The security fence being built around the perimeter of Israel is many things to many people; a sense of comfort, a waste of time and money, a false hope, a land grab, perhaps even an impenetrable obstacle to those with intent to harm. Regardless of your background or political leanings one conclusion should be universally shared – the wall at the focus of this chintzy documentary by Simone Bitton, is a nauseatingly upsetting symbol of the state of things in the land we call the Jewish home. How devastating and miserable is it that we have come to this. That a country finds itself erecting a physical barrier on all fronts in order to maintain a semblance of peace.
We have witnessed many forms of defenses configured by governments to protect what is theirs and what is important – the moat surrounding the castle, the barricade at Helm’s Deep, but never has their been a walled in country, a topographical ghetto. The sentiment itself is pitiful representing so much that has gone irreparably wrong with the so-called peace process with our Arab neighbors. Good fences make good neighbors is the saying, however, in Israel’s case there is no longer the dream of good neighbors, or rather neighbors who recognize your right to exist. What we have unfortunately come to is good fences keep bad neighbors from killing you (hopefully).
Wall is simply a poorly crafted means to begin the discussion. Bitton, a Jew who also calls herself an Arab, does not take a stand, and does not give more time to any specific viewpoint. Of course, being a liberal filmmaker she manages to somehow convey the impression that the security fence is “wrong” without spelling it out. What she does is essentially what anyone with a camera could have done, and she does so with no more artistry than any film school graduate. She points her camera and talks to people. With the exception of an awkwardly framed interview with an I’d-rather-not-be here General Amos Yaron, director general of the Israeli Ministry of Defense, her interviews are aptly with ordinary folk. An Arab doing the building, a farmer, a Jewish settler – all articulating their uninformed layman’s opinion with uninformed layman’s insight. Some don’t seem to realize that we are at war. The rest of the film is unbearably long shots of the wall being built. Sometimes an image on screen can speak volumes, but a good director will know the difference between that and clumsily filming a series of trucks whistling and creaking their way to work as a fence is slowly, painfully and expensively constructed.
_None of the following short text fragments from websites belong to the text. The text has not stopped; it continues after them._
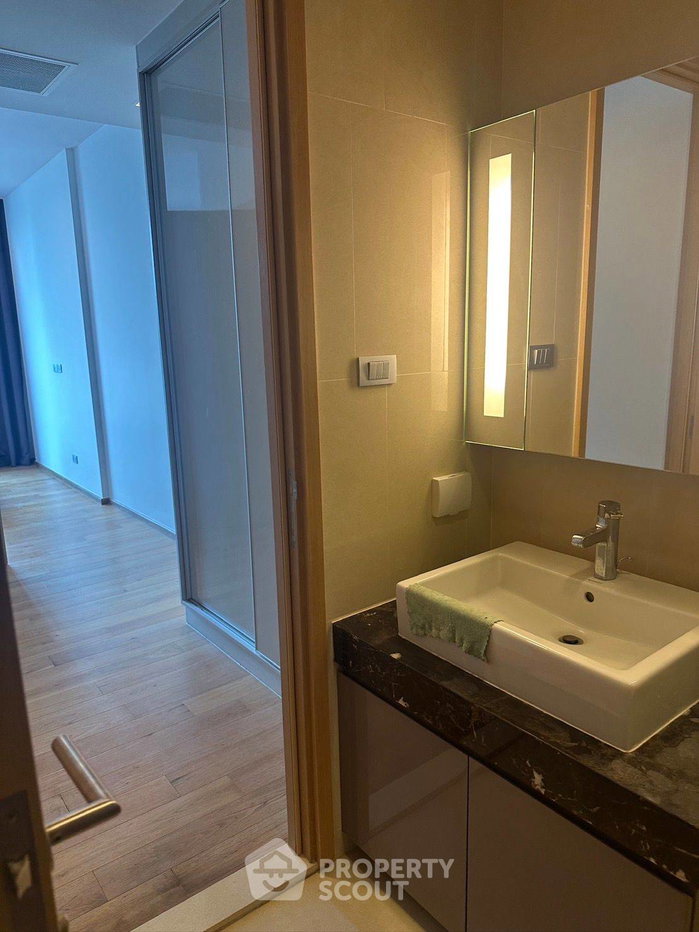 รูป คอนโด 1 ห้องนอน 43 ตร.ม. ชั้น 19 ที่ ไฮด์ สุขุมวิท 13 ใกล้ BTS นานา 200 ม. (ID 2172564) - รูปที่ 3/6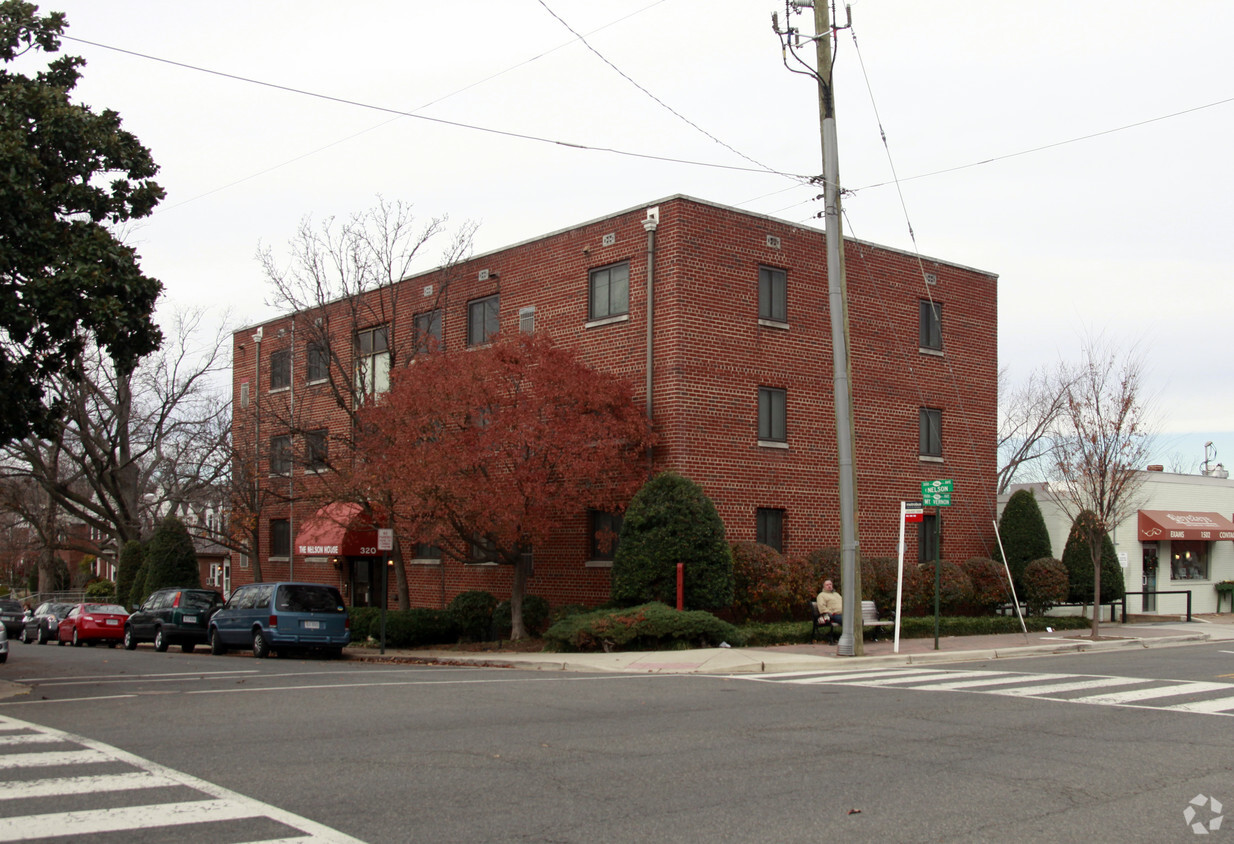 Primary Photo - Del Rey Nelson Apartments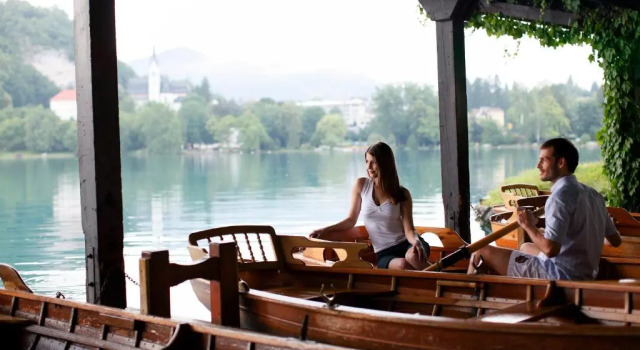 Люкс с видом на озеро Grand Hotel Toplice - Small Luxury Hotels of the World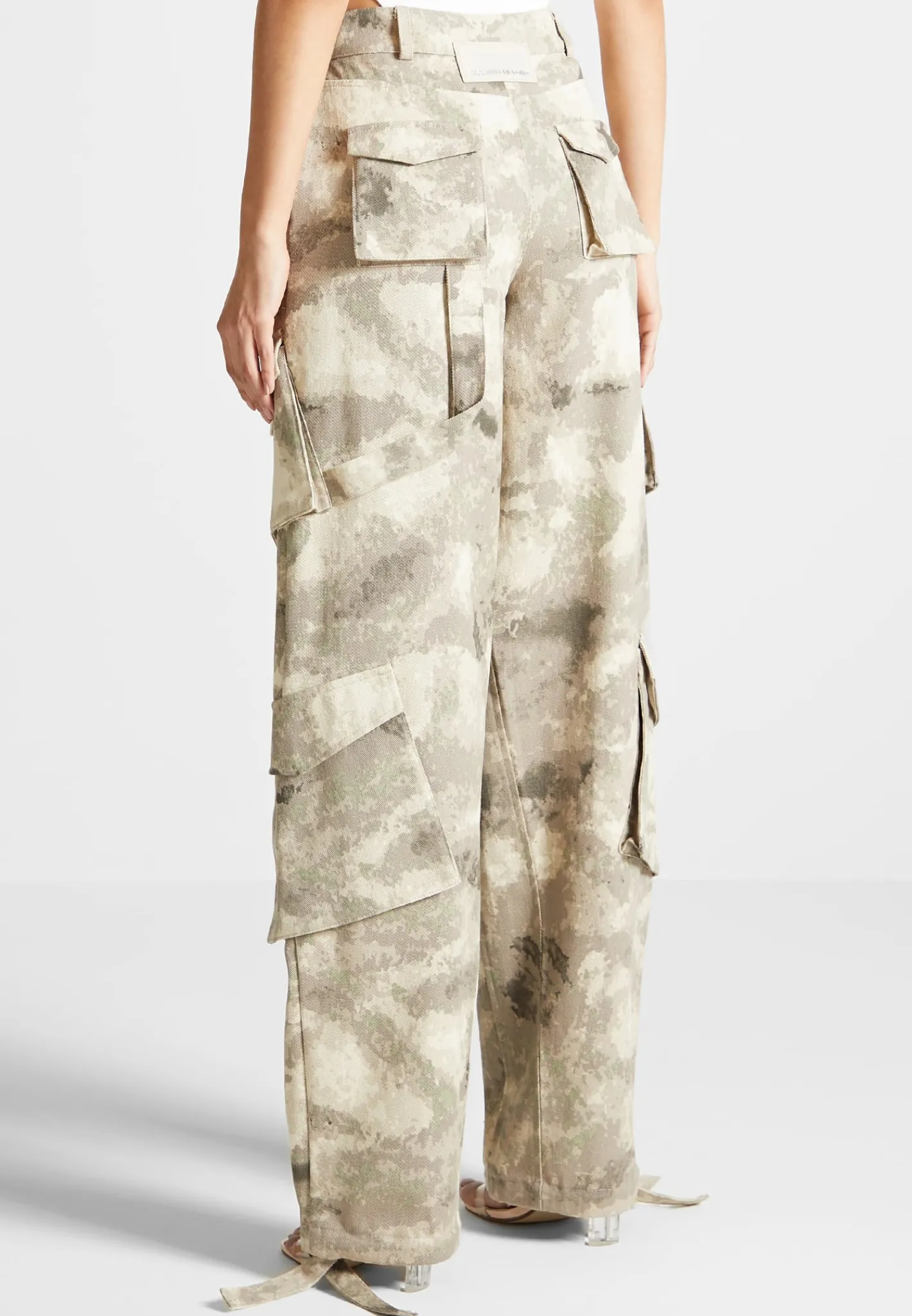 High Waisted Camo Cargo Pants - Beige^Manière De Voir Clearance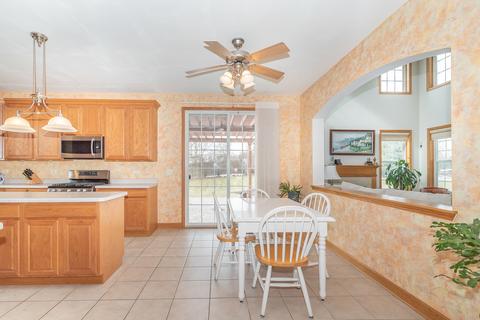 2407 Ventura Dr, Plainfield, IL 60544 photo 9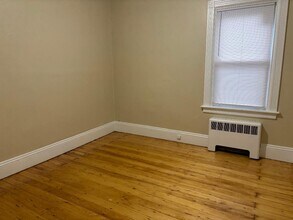 51 Hamlin St, Unit 1 in Providence, RI - Building Photo - Building Photo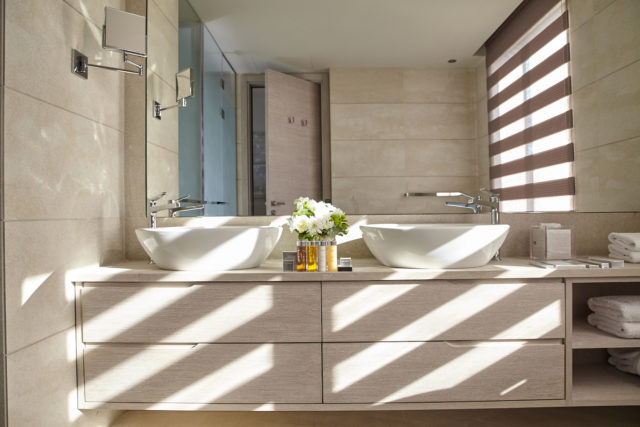 Bathroom 1 Sani Dunes (c)Sani Resort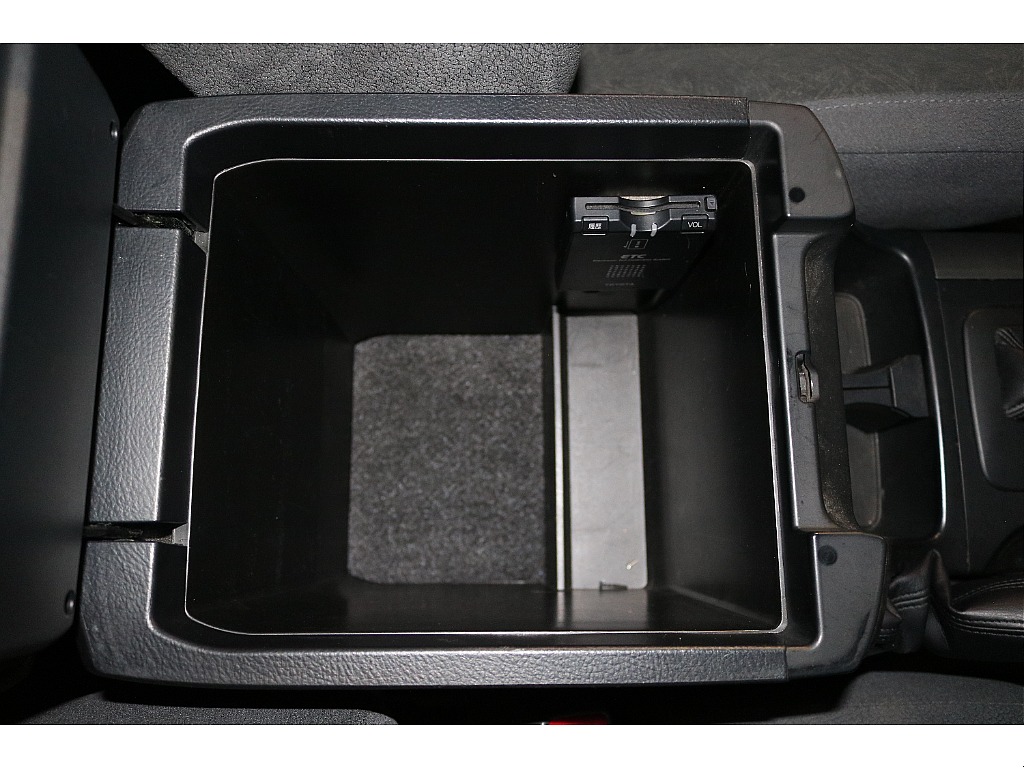 トヨタ ランドクルーザープラド(44枚目)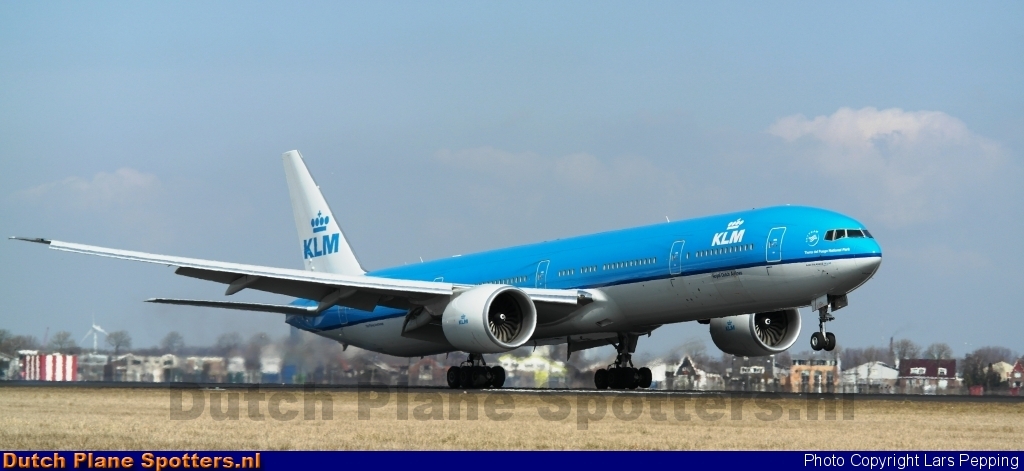 PH-BVI Boeing 777-300 KLM Royal Dutch Airlines by Lars Pepping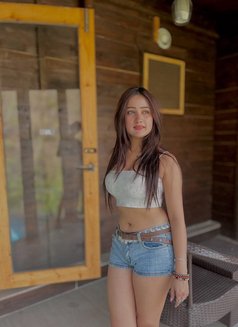 Kanya - escort in Bangkok Photo 3 of 4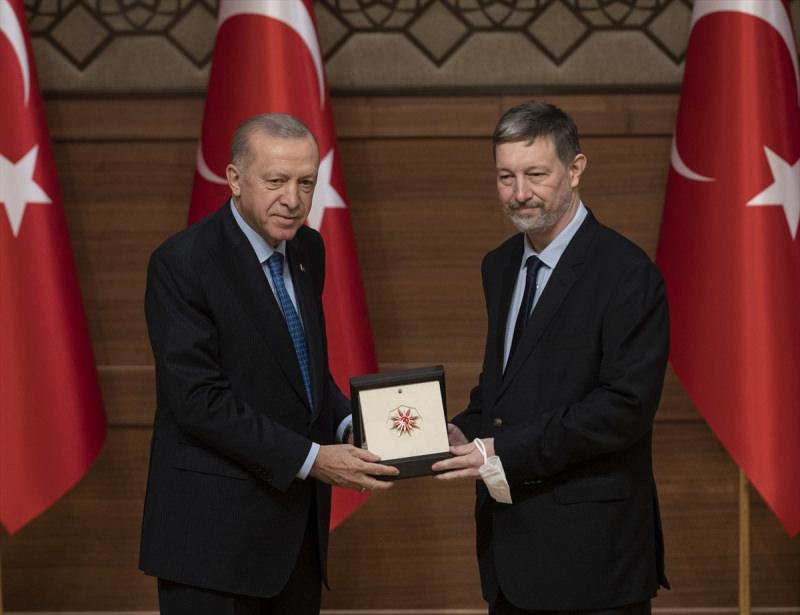 Cumhurbaşkanı Erdoğan, bilim kültür alanında ödül alan Teoman Duralı'nın ödülünü Deniz Duralı'ya takdim etti.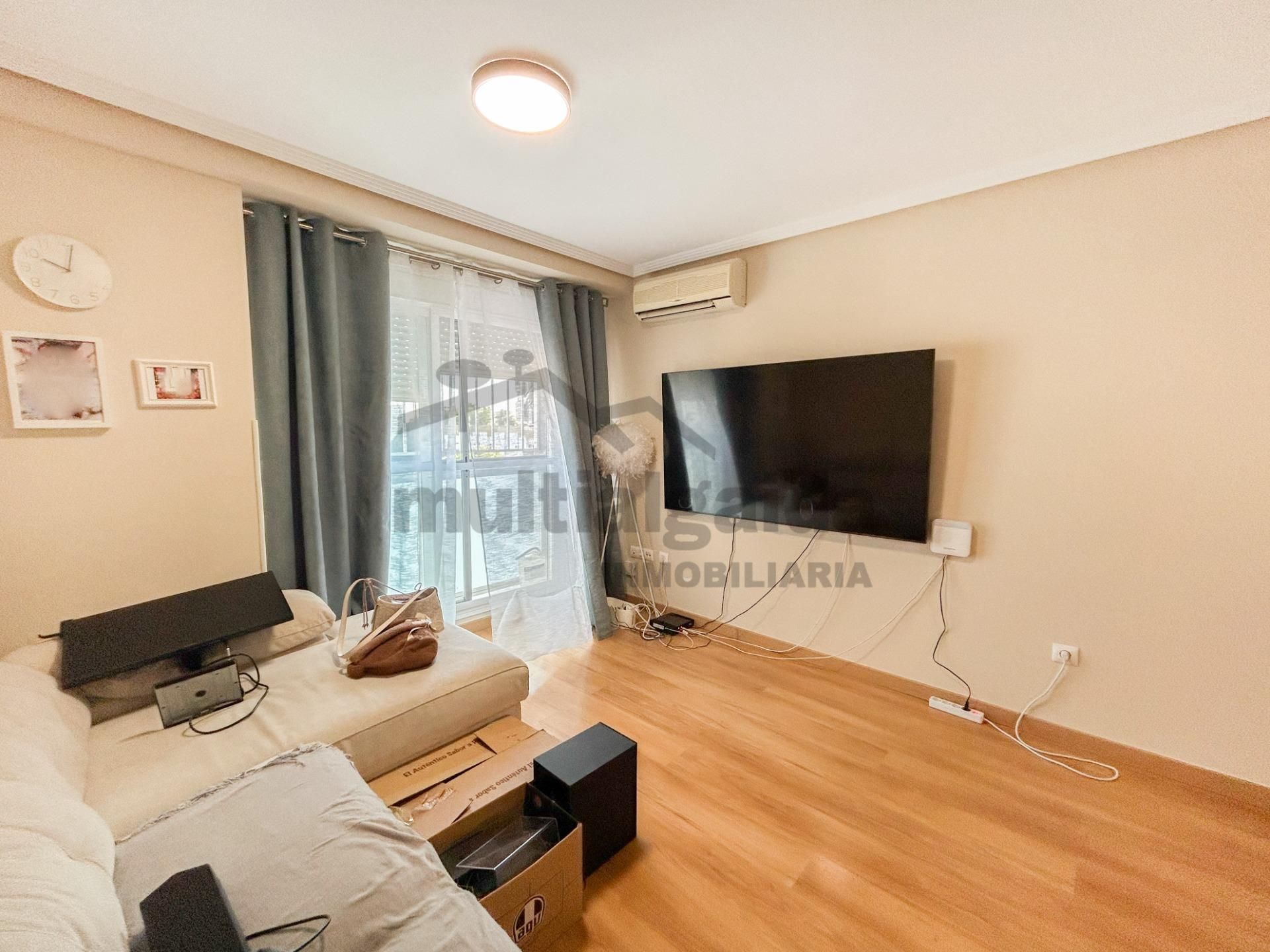 Sala d'estar de Pis en venda en Jerez de la Frontera amb Aire condicionat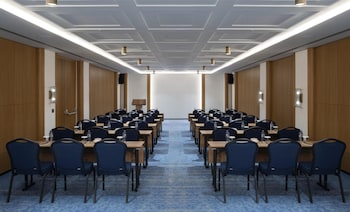 altunizade suites istanbul curio collection by hilton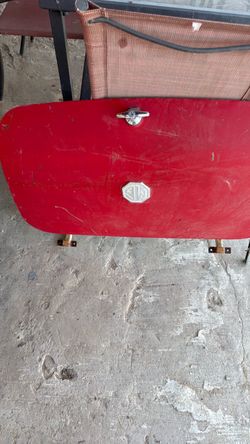 MG Red Trunk Lid with Badge and Lock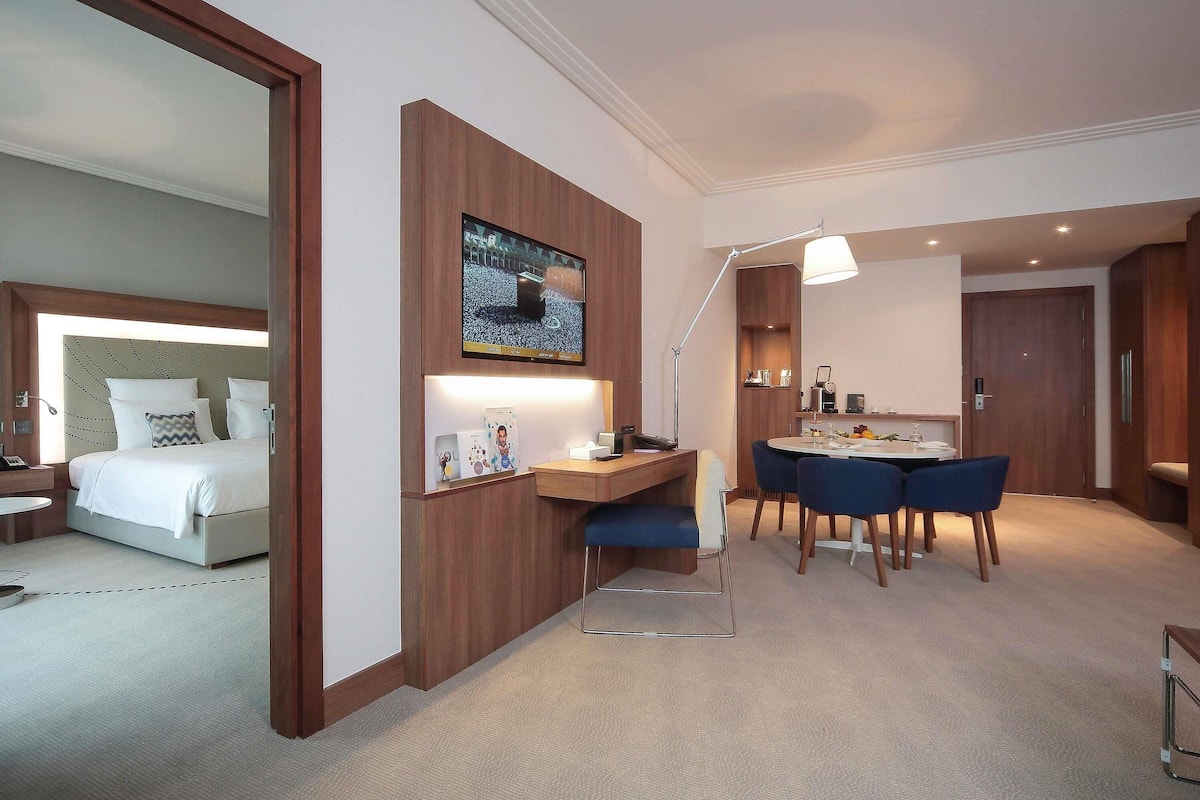 Superior Suite, 1 Double Bed with Sofa bed, Sea View | 1 bedroom, Egyptian cotton sheets, premium bedding, pillowtop beds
Despite my misgiving’s about Bitton’s future as a documentary filmmaker, Wall does teach a few useful lessons, however they are few and far between and do not justify the inelegant treatment the subject earns here. For example, it was interesting to hear a precise description of how the fence works and to see the artwork on the Israeli side of the fence, a melancholy mural distracting its viewer from what is really going on.
What the average audience member with a vested interest in Israel will be left with is uneasiness, the same feeling we have lived with for decades. Will this be it? Can this be the difference maker? All signs point to...With G-d’s help there is a future where Jew and Arab can coexist side by side, respecting one another. That time has not yet come. We have entered the era of walls and like all other reconfigurations and reformulations for peace, we will, with a prayer in our hearts, wait and see.